### WHAT THE TASK ASKS
The records below are to be copied exactly, with every picture left out.
BEGIN
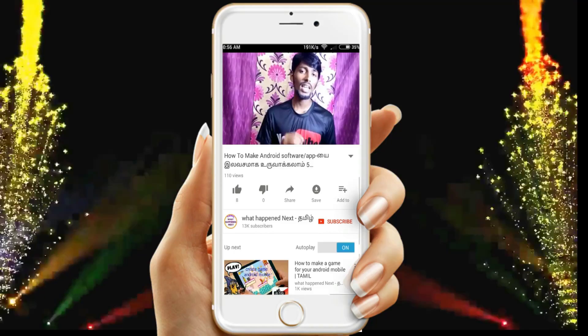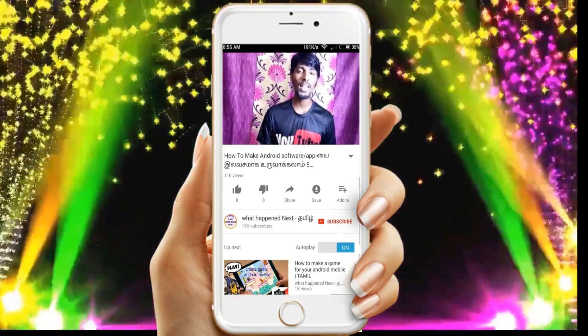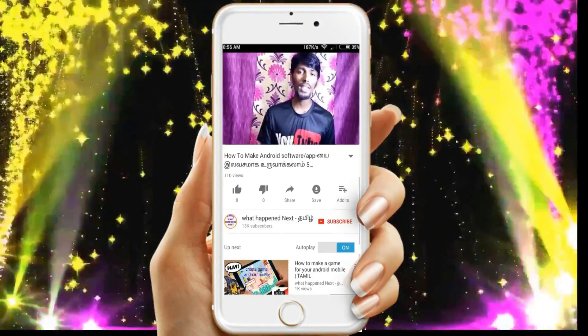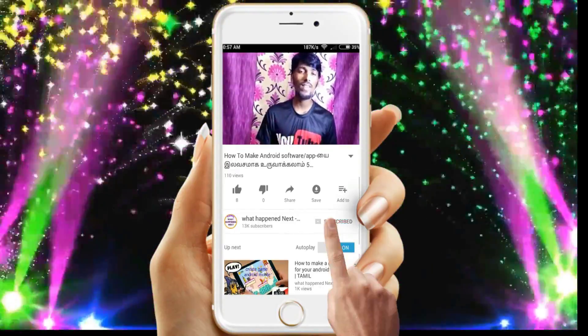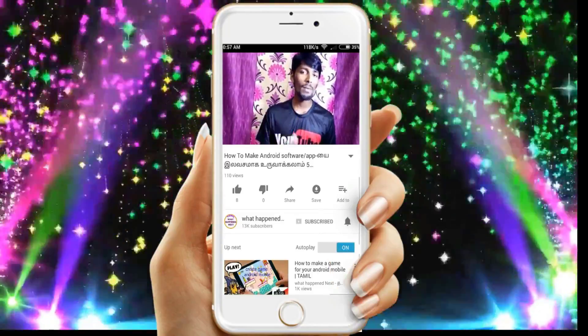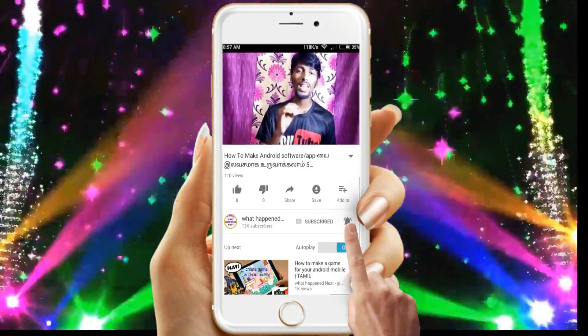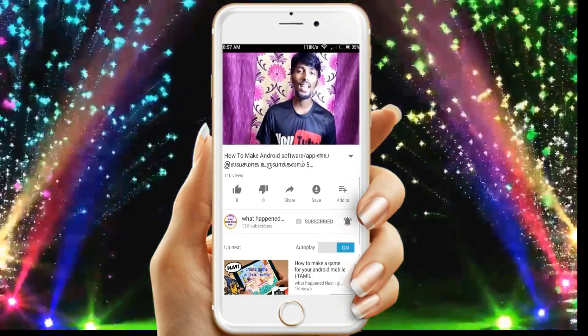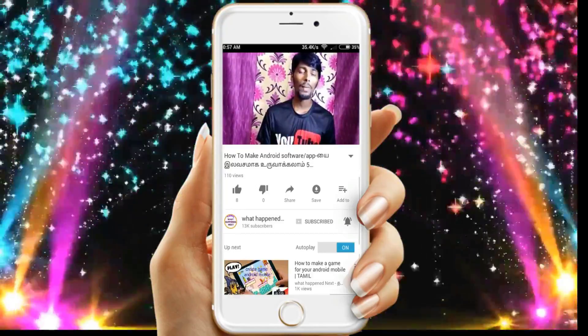Welcome to the Tamil Whaticap channel. If you are watching this channel, click the subscribe button and the bell button so you will see the next channel.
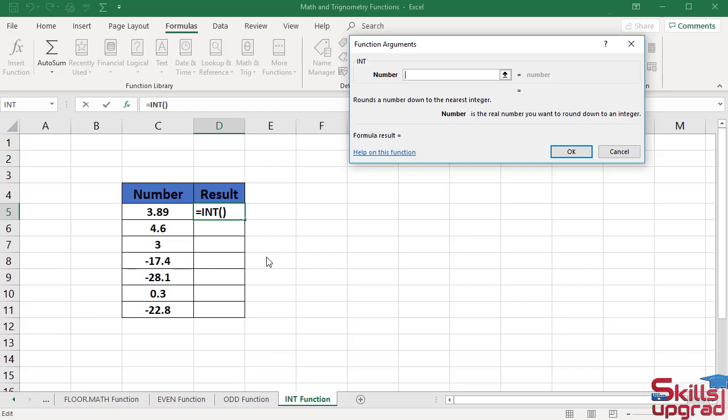The Integer function converts a value to its integer portion. This function has only one argument. In the number argument, select the number that you want to round.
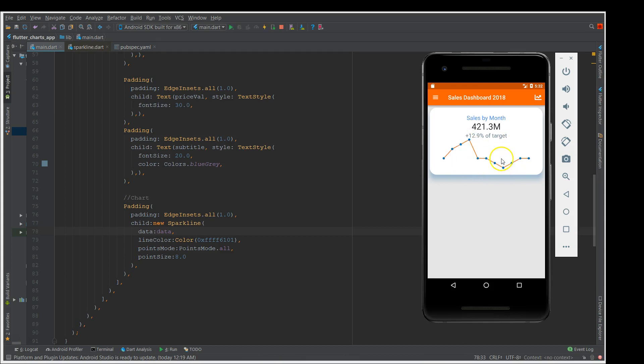When I do a hot restart, you should see a graph indicating my data points with the point mode representation. There you go, you can see the graph. You can change the color, you can change the point size, you can remove points and you can add the graph.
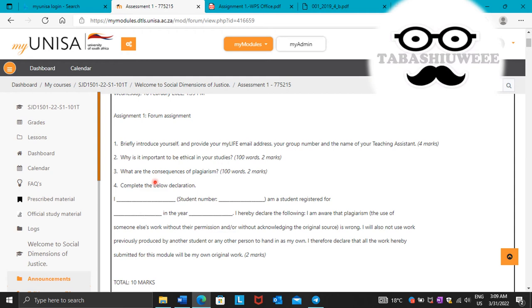Point number three. What are the consequences of plagiarism? For this one, also, you need to use Google. Just Google consequences of plagiarism and then paraphrase your work. Avoid plagiarism and then reference.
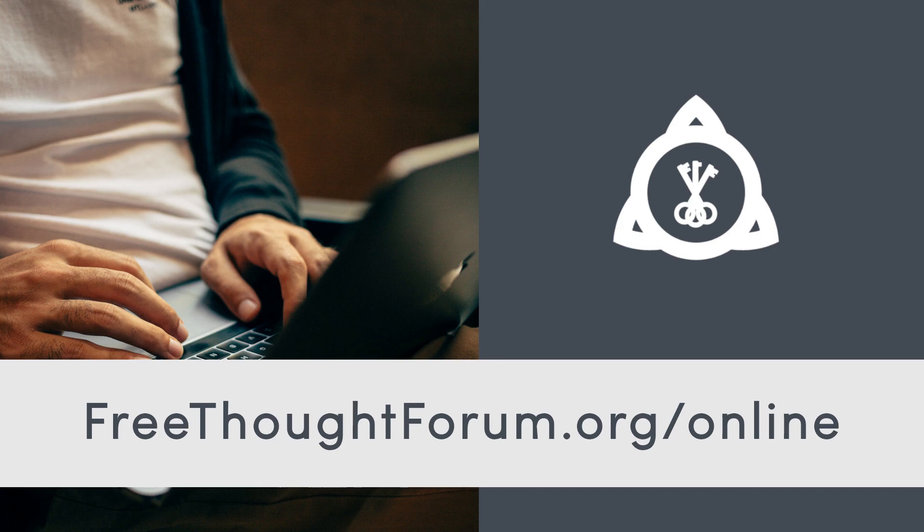You can also visit freethoughtforum.org/online for clear information on when and where our online meetings will take place. The following instructions are for those of you who want to connect through your desktop computer or laptop, but they will also work reasonably well enough for those of you using a smartphone.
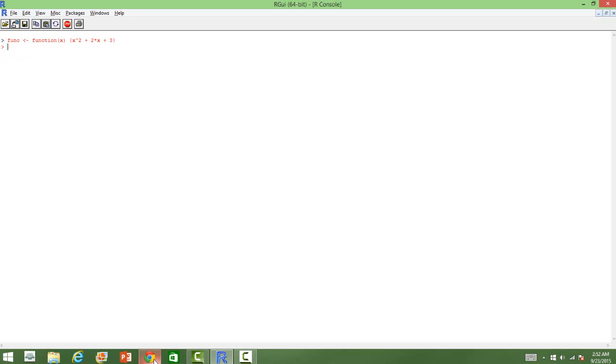Now, I will show you how to integrate a function in R. First, we will define our function. The function is x square plus 2x plus 3. We define the function and we will try to integrate this and we will also take the upper limit and the lower limit. This is a definite integral or definite integration that we are going to do.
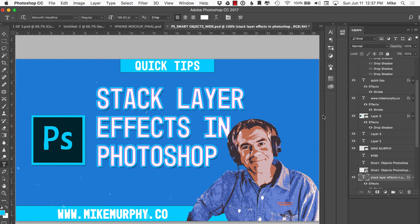Use sparingly, but that is how you add multiple layer effects in Photoshop. Cheers.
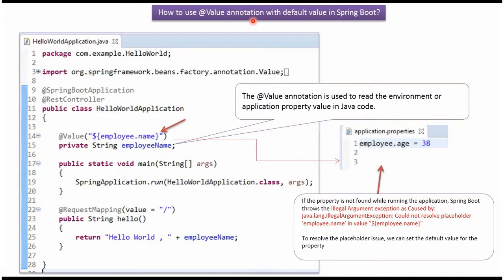In this video tutorial I will explain how to use @Value annotation with default value in Spring Boot. Here I have defined a class HelloWorldApplication. It is a Spring Boot application. It has a property called EmployeeName. In the EmployeeName property I have applied @Value annotation and specified the key as Employee.Name. So when you run this Spring Boot application, Spring Boot will check if this key is present in the application.properties file.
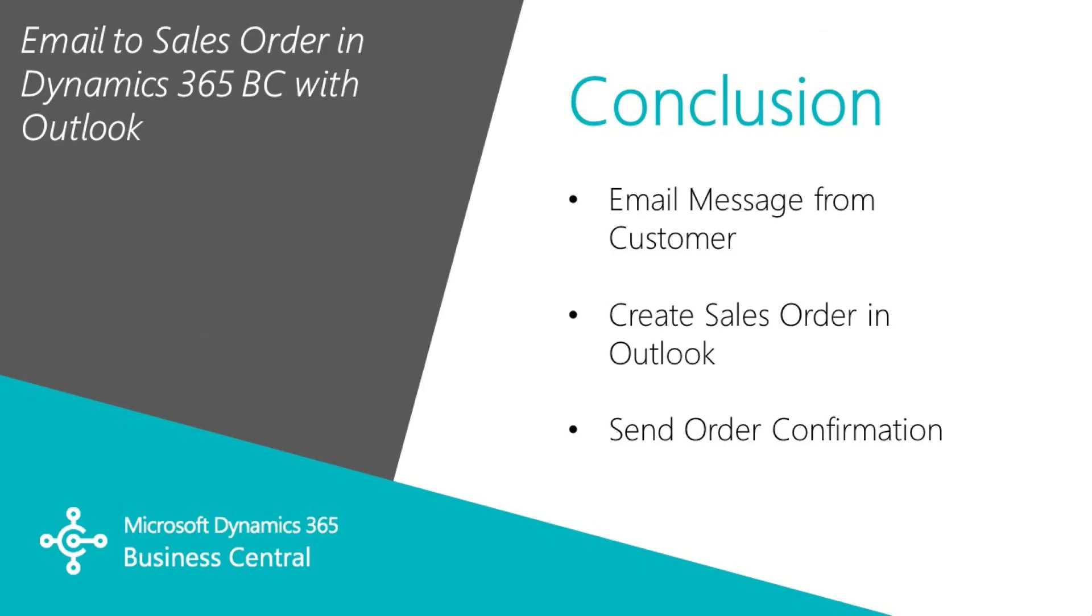In this demonstration, I showed you how you can get an email message from a customer. You can easily turn that around in Outlook and create a sales order in Business Central. And also from Outlook, you can send an order confirmation back to your customer. If you're in Outlook all day, like a lot of people, this makes working with Business Central a lot easier to do.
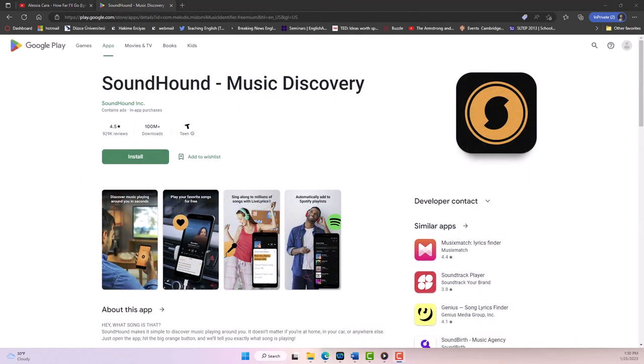There is also an app called Soundhound that identifies songs and displays lyrics when the user holds it up to a speaker playing a song. It's amazing that this app identifies songs and pulls up the lyrics for you.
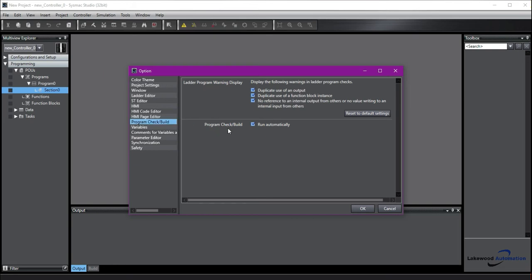Now, the Program Check Build is something that bothers some people because if you go in your ladder editor and you add a coil, you'll notice that before you get that variable name in there, you'll get a red exclamation point under your program. And that just means it is constantly checking and building your program for errors. This can save you a lot of time because it's happening in the background constantly. So whenever you are ready to go online, your program is probably already built.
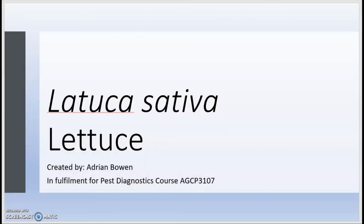Good day, my name is Adrian Bowen and I'll be doing this presentation on Lactuca sativa, commonly known as lettuce. This presentation is in fulfillment for my pest diagnostics course under the course code AGCP 3107.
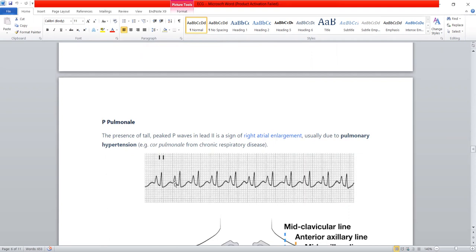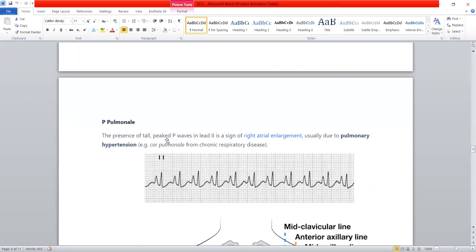On ECG, if you see a P wave before the QRS complex with a high amplitude or high voltage — tall or peaked — this is P pulmonale. It is due to right atrial enlargement or right atrial hypertrophy. If there is right atrial enlargement, you will see P pulmonale on ECG.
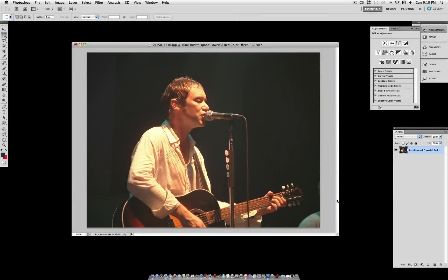What's up everybody, Justice Good here with a quick Photoshop tutorial. Today I'm going to show you how to create a red photo effect. We're going to be using Photo Filters and Lens Correction.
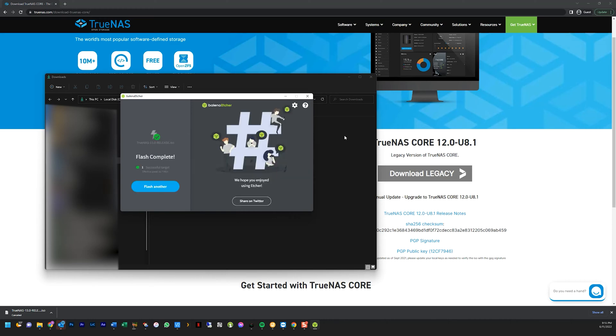Now I'm going to take the machine and hook it up to a monitor, mouse, and keyboard, as well as an ethernet port, and then I'm going to proceed with installing TrueNAS with the thumb drive I just created.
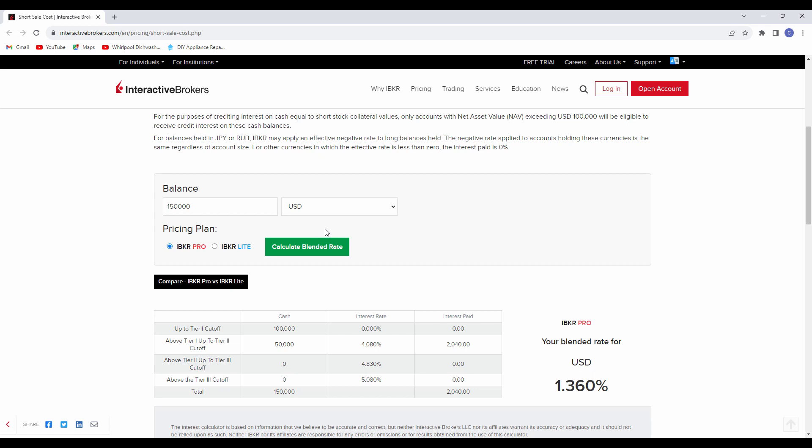You don't collect anything on the first $100,000, but you collect interest at about 4% on anything above $100,000 of the stocks that you're lending out, that can be at least something. It's another stream of income while that stock's just sitting there.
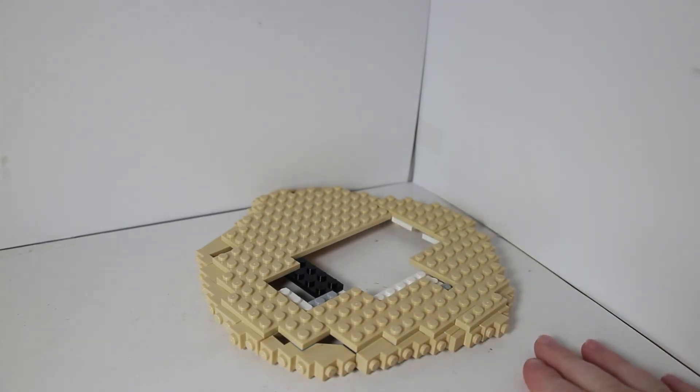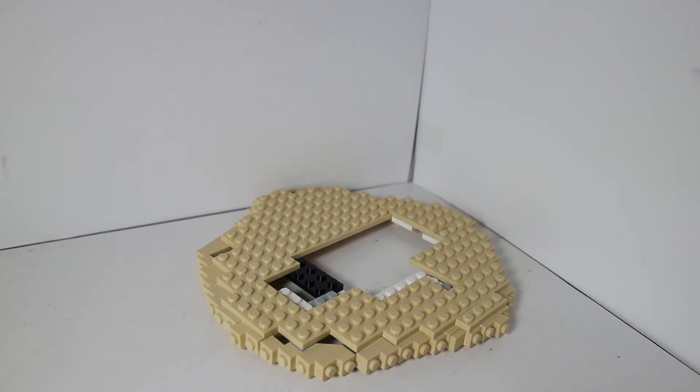And I want to get, that's why I'm going to get a Bricklink order, I want to get some vegetation pieces, just to make it look a little more jungly. I also need pieces for some palm trees. But yeah guys, that is the mock that I'm working on.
END
### WRITTEN ANSWER
Welcome to the Tamil Whaticap channel. If you are watching this channel, click the subscribe button and the bell button so you will see the next channel.
The Integer function converts a value to its integer portion. This function has only one argument. In the number argument, select the number that you want to round.
When I do a hot restart, you should see a graph indicating my data points with the point mode representation. There you go, you can see the graph. You can change the color, you can change the point size, you can remove points and you can add the graph.
Point number three. What are the consequences of plagiarism? For this one, also, you need to use Google. Just Google consequences of plagiarism and then paraphrase your work. Avoid plagiarism and then reference.
You can also visit freethoughtforum.org/online for clear information on when and where our online meetings will take place. The following instructions are for those of you who want to connect through your desktop computer or laptop, but they will also work reasonably well enough for those of you using a smartphone.
Now, I will show you how to integrate a function in R. First, we will define our function. The function is x square plus 2x plus 3. We define the function and we will try to integrate this and we will also take the upper limit and the lower limit. This is a definite integral or definite integration that we are going to do.
Use sparingly, but that is how you add multiple layer effects in Photoshop. Cheers.
In this video tutorial I will explain how to use @Value annotation with default value in Spring Boot. Here I have defined a class HelloWorldApplication. It is a Spring Boot application. It has a property called EmployeeName. In the EmployeeName property I have applied @Value annotation and specified the key as Employee.Name. So when you run this Spring Boot application, Spring Boot will check if this key is present in the application.properties file.
In this demonstration, I showed you how you can get an email message from a customer. You can easily turn that around in Outlook and create a sales order in Business Central. And also from Outlook, you can send an order confirmation back to your customer. If you're in Outlook all day, like a lot of people, this makes working with Business Central a lot easier to do.
There is also an app called Soundhound that identifies songs and displays lyrics when the user holds it up to a speaker playing a song. It's amazing that this app identifies songs and pulls up the lyrics for you.
Now, the Program Check Build is something that bothers some people because if you go in your ladder editor and you add a coil, you'll notice that before you get that variable name in there, you'll get a red exclamation point under your program. And that just means it is constantly checking and building your program for errors. This can save you a lot of time because it's happening in the background constantly. So whenever you are ready to go online, your program is probably already built.
Good day, my name is Adrian Bowen and I'll be doing this presentation on Lactuca sativa, commonly known as lettuce. This presentation is in fulfillment for my pest diagnostics course under the course code AGCP 3107.
On ECG, if you see a P wave before the QRS complex with a high amplitude or high voltage — tall or peaked — this is P pulmonale. It is due to right atrial enlargement or right atrial hypertrophy. If there is right atrial enlargement, you will see P pulmonale on ECG.
What's up everybody, Justice Good here with a quick Photoshop tutorial. Today I'm going to show you how to create a red photo effect. We're going to be using Photo Filters and Lens Correction.
Now I'm going to take the machine and hook it up to a monitor, mouse, and keyboard, as well as an ethernet port, and then I'm going to proceed with installing TrueNAS with the thumb drive I just created.
You don't collect anything on the first $100,000, but you collect interest at about 4% on anything above $100,000 of the stocks that you're lending out, that can be at least something. It's another stream of income while that stock's just sitting there.
And I want to get, that's why I'm going to get a Bricklink order, I want to get some vegetation pieces, just to make it look a little more jungly. I also need pieces for some palm trees. But yeah guys, that is the mock that I'm working on.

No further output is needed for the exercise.